Dans cette polarisation en cours, l’opinion publique occidentale en général, et américaine en particulier, est souvent sollicitée ou consultée. Bien que Doha ne se lésine pas sur les moyens à déployer (y compris le recours à plusieurs sociétés de communication pour atteler sa propagande ou mener des campagnes de dénigration contre des responsables de quatre pays mettant en cause le Qatar), les autorités qataries ne gagnent pas la bataille de l’opinion américaine.
À l’égard de la crise en cours, le flottement entre la Maison Blanche et les autres institutions américaines n’a pas pesé sur la position officielle de Washington DC qui a profité de la pression du groupe des quatre États pour amener Doha à signer un nouvel accord contre le financement et le soutien du terrorisme.

Malgré la propagande orchestrée par de lobbies liées à Doha, et malgré l’arme de la victimisation face au boycott de quatre pays arabes entrés en crise avec le Qatar, un récent sondage réalisé aux États-Unis par Arab News et YouGov révèle que seulement 27% des Américains considèrent le Qatar comme « pays allié ou ami », et que 71% croient que le Qatar est impliqué à divers degrés dans le financement ou soutien du terrorisme.

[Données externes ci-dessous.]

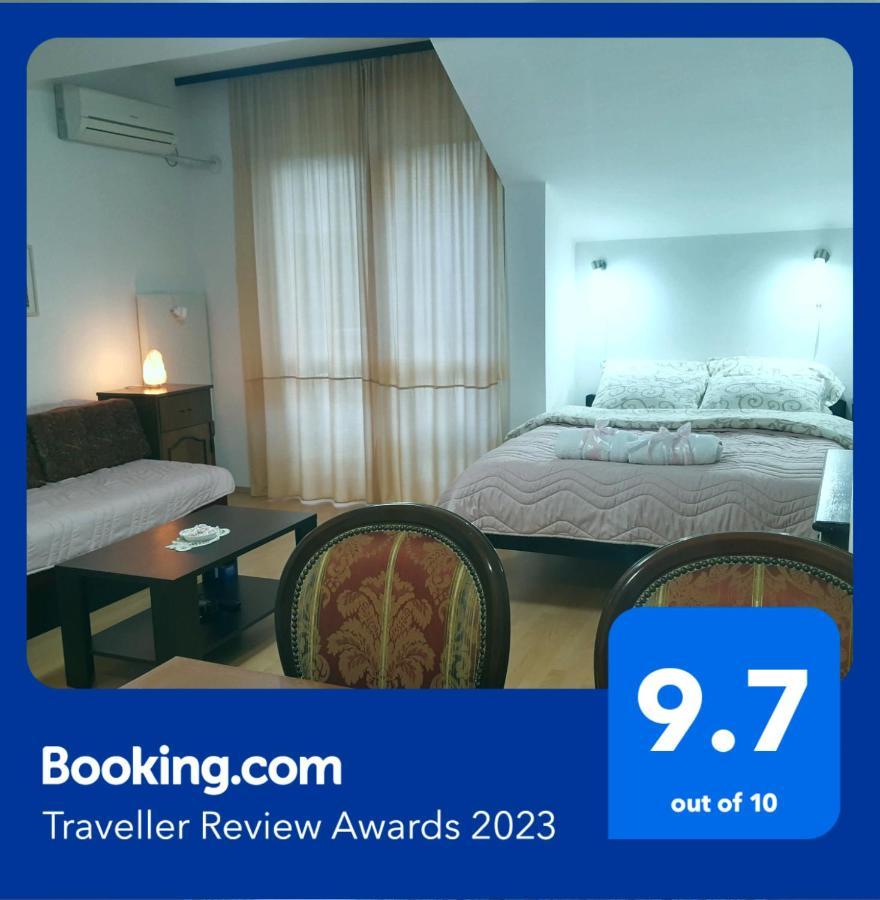 Sky Apartman 소코 반자 외부 사진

Dans le même cadre, plus de 6 Américains sur 10 parmi les sondés classent Al-Jazeera comme plate-forme de propagande nocive. Plus significatif pour Doha et pour les développements de cette crise, le positionnement de 69% des Américains pour le déplacement de la base américaine d’Al-Aïdid à cause du comportement de la direction qatarie.
De Washington aux capitales européennes et aux centres de décision d’autres acteurs concernés, l’agitation diplomatique et médiatique de Doha n’a pas généré les dividendes escomptés et toutes les manœuvres pour échapper à la bonne conduite et au respect des engagements pris depuis 2014 n’ont pas abouti.
L’entêtement et la diplomatie du chéquier et de grands contrats à la hâte, ne parviennent pas à faire sortir le Qatar de son isolement dans son proche environnement et de l’impasse provoquée par une politique aventurière et irrationnelle.